A scuola, sempre più svogliata, accumulavo voti stranamente alti nelle materie letterarie e altrettanto bassi in storia e geografia. Appena cominciavo a studiare quei dati, un insopportabile tedio mi prendeva, col sospetto, rosicante e continuo, ma respinto come pazzesco, che tutto fosse una montatura di ben articolate bugie ed inganni, con fini che mi sfuggivano, ma che sentivo oscuramente contro di me. Nei lunghi momenti di noia nel mio banco tutto intagliato e cesellato, componevo piccole poesie a volte serie e a volte scherzose. Un giorno le compagne mi commissionarono un lavoro. Il mio primo lavoro su commissione. Era giunto da poco a Bergamo un professore di ginnastica che ci conduceva a pattinare sul campo di pattinaggio al lago di Spinone. Queste gite scolastiche erano un gran divertimento. Mi piaceva pattinare, ma anche osservare le acrobazie degli altri, tutti più bravi di me. Le compagne dunque mi commissionarono una poesia sul maestro e io non ebbi difficoltà a scrivere una filastrocca, corredata di disegni, in cui lo descrivevo a volteggiare con le sue belle, finché cadeva sul ghiaccio che si spezzava sotto ai suoi piedi, provocando la fuga di tutti. La poesia piacque e io me la portai a casa, dimenticandola nella tasca del paltò. Il giorno dopo mi fecero il “Processo”. Mio padre riunì la famiglia con grande solennità, fece un discorso con parole che riservava alle grandi occasioni, per dire con accenti sarcastici e accusatori che aveva preso la decisione irrevocabile di sospendermi dalla scuola e di isolarmi in casa per sottrarmi alle cattive compagnie. Mia mamma piangeva a calde lacrime come se fosse successa una grande disgrazia e mio fratello aveva quell’aria che imparai a conoscere bene, tra il soddisfatto e il preoccupato. Ancora oggi non riesco a darmi una spiegazione di questo fatto che precipitò la nostra vita familiare e i miei rapporti con loro in un abisso di incomprensione. La poesiola era quanto di più innocente si potesse immaginare; allora il gergo studentesco era ben lontano dal turpiloquio liberatore dei nostri giorni. Le immagini erano soprattutto usate per far ridere.

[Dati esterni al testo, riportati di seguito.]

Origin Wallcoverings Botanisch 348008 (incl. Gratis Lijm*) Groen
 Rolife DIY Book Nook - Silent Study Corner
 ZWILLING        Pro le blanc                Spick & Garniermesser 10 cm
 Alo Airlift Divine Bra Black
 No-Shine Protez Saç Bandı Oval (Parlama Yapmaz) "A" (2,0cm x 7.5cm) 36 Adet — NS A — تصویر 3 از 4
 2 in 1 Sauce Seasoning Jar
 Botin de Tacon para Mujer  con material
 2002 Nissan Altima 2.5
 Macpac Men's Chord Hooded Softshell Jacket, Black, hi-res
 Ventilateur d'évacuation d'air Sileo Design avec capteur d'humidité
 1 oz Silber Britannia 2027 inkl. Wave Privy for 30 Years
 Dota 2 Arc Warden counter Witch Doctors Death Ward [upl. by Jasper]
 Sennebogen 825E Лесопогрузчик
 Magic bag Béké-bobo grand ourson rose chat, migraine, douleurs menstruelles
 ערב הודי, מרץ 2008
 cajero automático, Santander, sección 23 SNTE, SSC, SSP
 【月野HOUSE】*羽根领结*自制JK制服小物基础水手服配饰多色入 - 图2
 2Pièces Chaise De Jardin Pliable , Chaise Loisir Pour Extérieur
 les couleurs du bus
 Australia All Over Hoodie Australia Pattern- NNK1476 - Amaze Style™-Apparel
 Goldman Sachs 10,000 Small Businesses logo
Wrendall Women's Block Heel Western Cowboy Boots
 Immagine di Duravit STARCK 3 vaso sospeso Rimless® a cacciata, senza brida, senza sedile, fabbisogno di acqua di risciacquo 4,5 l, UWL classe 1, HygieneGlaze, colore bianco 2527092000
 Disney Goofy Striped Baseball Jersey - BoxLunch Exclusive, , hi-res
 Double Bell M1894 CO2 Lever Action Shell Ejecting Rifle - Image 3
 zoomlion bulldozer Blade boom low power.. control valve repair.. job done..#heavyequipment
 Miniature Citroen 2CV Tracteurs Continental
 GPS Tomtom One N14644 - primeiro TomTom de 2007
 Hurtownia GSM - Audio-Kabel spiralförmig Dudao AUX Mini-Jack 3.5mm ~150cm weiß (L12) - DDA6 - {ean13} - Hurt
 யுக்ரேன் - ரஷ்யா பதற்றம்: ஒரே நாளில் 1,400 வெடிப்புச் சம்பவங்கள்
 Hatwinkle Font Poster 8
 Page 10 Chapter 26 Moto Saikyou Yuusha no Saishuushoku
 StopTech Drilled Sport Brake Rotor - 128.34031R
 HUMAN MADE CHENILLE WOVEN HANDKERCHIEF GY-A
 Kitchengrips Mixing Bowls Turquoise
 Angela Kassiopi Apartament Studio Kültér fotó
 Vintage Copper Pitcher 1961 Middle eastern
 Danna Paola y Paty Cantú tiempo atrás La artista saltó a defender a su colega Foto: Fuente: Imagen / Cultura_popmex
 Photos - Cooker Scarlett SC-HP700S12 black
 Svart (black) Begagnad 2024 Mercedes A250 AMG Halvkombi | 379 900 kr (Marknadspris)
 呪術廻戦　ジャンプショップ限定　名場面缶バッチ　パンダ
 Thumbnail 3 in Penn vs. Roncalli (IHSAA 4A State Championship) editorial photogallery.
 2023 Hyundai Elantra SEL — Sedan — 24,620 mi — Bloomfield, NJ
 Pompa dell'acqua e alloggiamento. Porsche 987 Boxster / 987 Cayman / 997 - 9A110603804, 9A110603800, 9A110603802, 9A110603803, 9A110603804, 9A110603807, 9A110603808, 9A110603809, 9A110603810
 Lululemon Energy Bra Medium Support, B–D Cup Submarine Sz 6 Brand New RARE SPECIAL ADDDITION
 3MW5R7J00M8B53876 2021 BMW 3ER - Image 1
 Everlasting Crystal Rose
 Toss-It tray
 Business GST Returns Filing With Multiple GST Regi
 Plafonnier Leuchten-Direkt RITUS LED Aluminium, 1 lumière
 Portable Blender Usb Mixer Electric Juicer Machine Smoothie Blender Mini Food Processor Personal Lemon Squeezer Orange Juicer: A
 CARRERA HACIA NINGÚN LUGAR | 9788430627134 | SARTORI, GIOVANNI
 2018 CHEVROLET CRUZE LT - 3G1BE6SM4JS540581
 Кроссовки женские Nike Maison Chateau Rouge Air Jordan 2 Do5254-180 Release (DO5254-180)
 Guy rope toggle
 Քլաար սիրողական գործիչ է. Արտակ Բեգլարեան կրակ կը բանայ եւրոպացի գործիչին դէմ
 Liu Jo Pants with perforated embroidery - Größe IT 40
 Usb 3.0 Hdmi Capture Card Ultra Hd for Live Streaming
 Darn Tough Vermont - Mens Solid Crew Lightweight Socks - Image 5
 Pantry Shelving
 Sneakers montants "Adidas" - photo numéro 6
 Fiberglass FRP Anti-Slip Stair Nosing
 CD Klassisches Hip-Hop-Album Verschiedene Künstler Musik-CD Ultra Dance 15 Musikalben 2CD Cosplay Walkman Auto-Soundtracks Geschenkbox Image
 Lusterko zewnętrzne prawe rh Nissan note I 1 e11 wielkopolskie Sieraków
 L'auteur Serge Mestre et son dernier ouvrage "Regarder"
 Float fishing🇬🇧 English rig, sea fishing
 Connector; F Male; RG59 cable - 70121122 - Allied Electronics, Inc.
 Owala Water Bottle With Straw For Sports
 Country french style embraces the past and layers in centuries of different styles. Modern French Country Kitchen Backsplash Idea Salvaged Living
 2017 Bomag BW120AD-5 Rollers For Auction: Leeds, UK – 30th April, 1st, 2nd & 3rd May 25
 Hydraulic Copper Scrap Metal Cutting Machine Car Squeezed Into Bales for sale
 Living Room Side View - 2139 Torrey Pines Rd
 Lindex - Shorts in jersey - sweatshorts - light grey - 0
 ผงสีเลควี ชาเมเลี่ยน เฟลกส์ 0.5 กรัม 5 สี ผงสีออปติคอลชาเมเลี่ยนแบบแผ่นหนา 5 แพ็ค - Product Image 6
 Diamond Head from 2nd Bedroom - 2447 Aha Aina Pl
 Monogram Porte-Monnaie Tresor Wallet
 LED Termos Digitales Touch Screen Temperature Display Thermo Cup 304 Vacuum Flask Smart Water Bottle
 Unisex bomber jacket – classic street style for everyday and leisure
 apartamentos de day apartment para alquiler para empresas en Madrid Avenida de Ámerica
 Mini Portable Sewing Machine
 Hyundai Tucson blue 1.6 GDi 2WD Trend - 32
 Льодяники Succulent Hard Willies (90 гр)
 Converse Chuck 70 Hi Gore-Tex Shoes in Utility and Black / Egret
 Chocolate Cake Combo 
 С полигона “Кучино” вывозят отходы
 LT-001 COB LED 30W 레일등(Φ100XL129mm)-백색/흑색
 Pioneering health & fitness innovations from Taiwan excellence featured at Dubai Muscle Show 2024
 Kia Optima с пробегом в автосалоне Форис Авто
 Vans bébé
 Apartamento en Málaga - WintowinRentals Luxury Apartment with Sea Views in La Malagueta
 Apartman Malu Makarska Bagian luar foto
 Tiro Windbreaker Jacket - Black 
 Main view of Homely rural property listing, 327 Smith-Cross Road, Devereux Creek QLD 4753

,Mio padre era molto buono, ma debole e abbarbicato al suo ruolo di capofamiglia e di maschio, tuttavia ben lontano dalla tirannica pratica familiare che vedevo in alcune famiglie di miei compagni di scuola. Mia madre, pittrice, fotografa era molto diversa dallo stereotipo corrente delle madri di famiglia. Mio padre aveva grande stima di lei e del suo lavoro, per cui il suo gesto mi risultava inspiegabile e lo è ancora oggi. Anni dopo trovai fra le carte di mio padre un libretto intitolato “L’educazione delle fanciulle” dell’istituto Hermes, un istituto di cosmesi milanese, che negli anni 38-40 pubblicò una serie di libriccini in cui si insegnavano le cose più disparate: come ridursi il naso, come accrescere la statura, volere è potere ecc. Si raccomandava anche ai padri di famiglia di salvare sempre e innanzi tutto il proprio ruolo di “colui che comanda” e nel caso di figliole che osino “parlare coi maschi”, uscendo dal doveroso apartheid, sia a scuola che in altre occasioni, l’unico rimedio era senza indugio (indugio pericolosissimo), l’assoluto isolamento da tutti i coetanei. Il mio non durò a lungo. Capii immediatamente come renderlo gravoso e insopportabile agli altri. Mia madre, inoltre, non era soddisfatta del suo ruolo di carceriera, e a contatto quotidiano con le necessità di movimento della vita quotidiana, finì col farlo cessare nel giro di dieci giorni. Ma il danno fatto e la lesione dei nostri rapporti fu incalcolabile.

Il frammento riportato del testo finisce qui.